Can people reliably distinguish between actual financial markets time series and randomized data? In the February 2010 draft of their paper entitled “Is It Real, or Is It Randomized?: A Financial Turing Test”, Jasmina Hasanhodzic, Andrew Lo and Emanuele Viola report the results of a web-based experiment designed to test the ability of people to distinguish between time series of returns for eight commonly traded financial assets (including stock indexes, a bond index, currencies and commodities, all given names of animals) and randomized data. Using a sample of 8015 guesses from 78 participants over eight contests conducted during 2009, they conclude that:
- There is overwhelming statistical evidence that people quickly learn to distinguish between real and randomized time series.
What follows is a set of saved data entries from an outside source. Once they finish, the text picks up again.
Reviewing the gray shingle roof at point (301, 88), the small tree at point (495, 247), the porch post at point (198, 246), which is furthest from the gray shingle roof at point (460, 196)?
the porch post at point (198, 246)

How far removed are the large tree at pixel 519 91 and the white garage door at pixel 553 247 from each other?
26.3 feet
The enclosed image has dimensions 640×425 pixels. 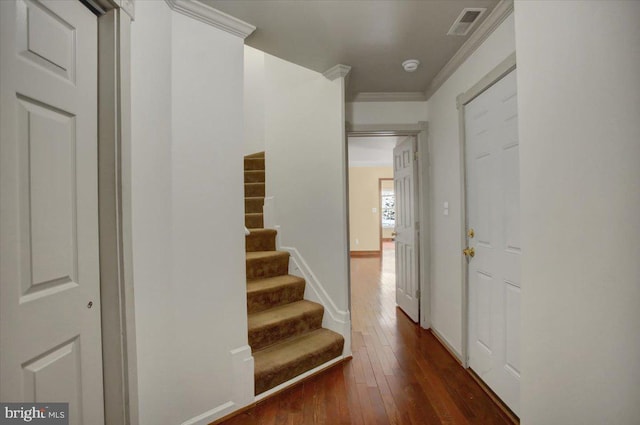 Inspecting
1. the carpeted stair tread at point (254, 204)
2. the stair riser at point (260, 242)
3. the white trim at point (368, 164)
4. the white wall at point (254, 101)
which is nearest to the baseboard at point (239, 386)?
the stair riser at point (260, 242)

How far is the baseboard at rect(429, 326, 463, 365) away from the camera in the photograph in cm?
238

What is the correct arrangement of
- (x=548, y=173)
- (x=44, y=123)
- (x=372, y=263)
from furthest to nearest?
(x=372, y=263), (x=44, y=123), (x=548, y=173)

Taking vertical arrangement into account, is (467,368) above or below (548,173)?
below

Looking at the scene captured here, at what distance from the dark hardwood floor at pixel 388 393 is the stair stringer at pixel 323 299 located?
0.25 metres

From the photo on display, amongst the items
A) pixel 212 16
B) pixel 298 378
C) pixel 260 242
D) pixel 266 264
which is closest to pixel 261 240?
pixel 260 242

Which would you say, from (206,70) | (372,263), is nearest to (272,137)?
(206,70)

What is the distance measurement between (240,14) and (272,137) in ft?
4.85

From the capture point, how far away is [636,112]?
610 mm

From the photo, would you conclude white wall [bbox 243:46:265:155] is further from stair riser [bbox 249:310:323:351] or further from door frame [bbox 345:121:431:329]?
stair riser [bbox 249:310:323:351]

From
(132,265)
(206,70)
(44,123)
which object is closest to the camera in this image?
(44,123)

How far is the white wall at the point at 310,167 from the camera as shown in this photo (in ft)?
8.20

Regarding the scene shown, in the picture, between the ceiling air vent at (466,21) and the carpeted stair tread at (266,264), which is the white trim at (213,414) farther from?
the ceiling air vent at (466,21)

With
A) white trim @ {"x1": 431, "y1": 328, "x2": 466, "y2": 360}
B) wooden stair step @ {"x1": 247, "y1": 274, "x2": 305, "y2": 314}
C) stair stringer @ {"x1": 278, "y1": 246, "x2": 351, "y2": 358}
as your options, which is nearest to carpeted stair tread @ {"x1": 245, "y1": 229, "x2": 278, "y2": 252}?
stair stringer @ {"x1": 278, "y1": 246, "x2": 351, "y2": 358}

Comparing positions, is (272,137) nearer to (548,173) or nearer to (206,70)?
(206,70) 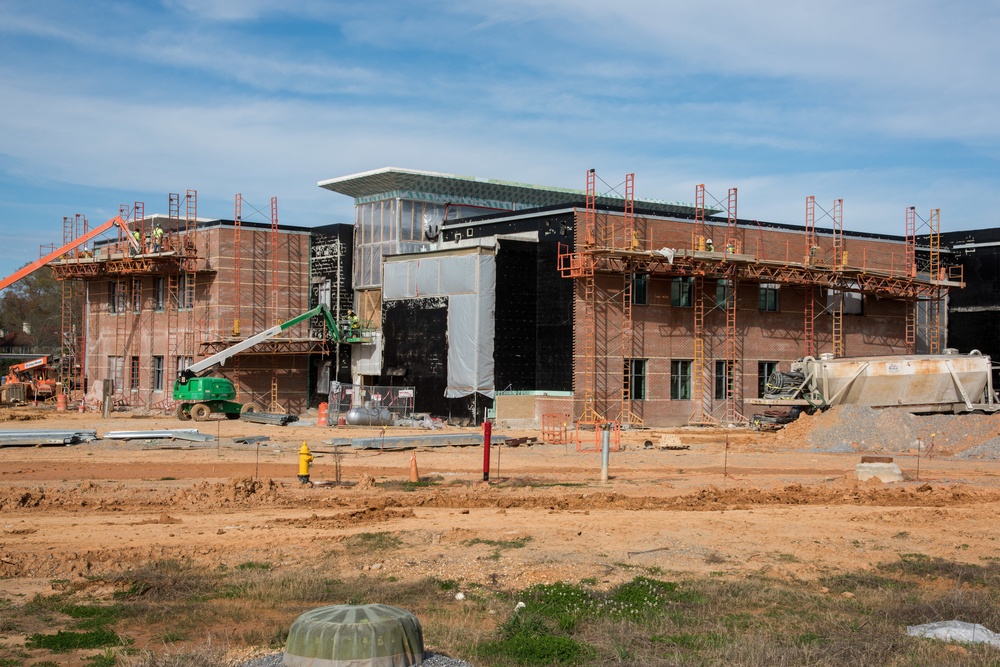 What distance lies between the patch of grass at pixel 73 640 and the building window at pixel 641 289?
36315 mm

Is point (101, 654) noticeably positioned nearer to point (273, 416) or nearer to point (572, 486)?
point (572, 486)

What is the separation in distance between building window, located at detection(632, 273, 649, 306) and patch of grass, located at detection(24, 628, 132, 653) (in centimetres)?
3631

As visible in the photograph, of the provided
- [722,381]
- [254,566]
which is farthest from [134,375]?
[254,566]

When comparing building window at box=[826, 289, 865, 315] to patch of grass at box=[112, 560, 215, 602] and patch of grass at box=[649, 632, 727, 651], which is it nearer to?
patch of grass at box=[112, 560, 215, 602]

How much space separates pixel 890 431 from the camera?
3650cm

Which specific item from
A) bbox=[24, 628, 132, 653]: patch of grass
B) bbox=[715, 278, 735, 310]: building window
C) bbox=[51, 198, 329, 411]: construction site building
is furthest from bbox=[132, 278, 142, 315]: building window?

- The accuracy rate for the 23 of 78 subjects self-identified as finance professionals (73.6%) is statistically indistinguishable from that for other subjects (72.2%).
- Immediate feedback on the correctness of guesses may be crucial to results.
- Results may explain the persistence of the practice of (human) technical analysis.
- Novel interfaces may facilitate the harnessing of human capabilities to process and extract information from data for financial markets (and other complex systems) in ways that computers cannot.
Results also argue that financial markets time series do not follow random walks.
In summary, experimental evidence indicates that people, whether expert in finance or not, can quickly learn to distinguish financial markets time series from randomized data with high reliability via simple inference.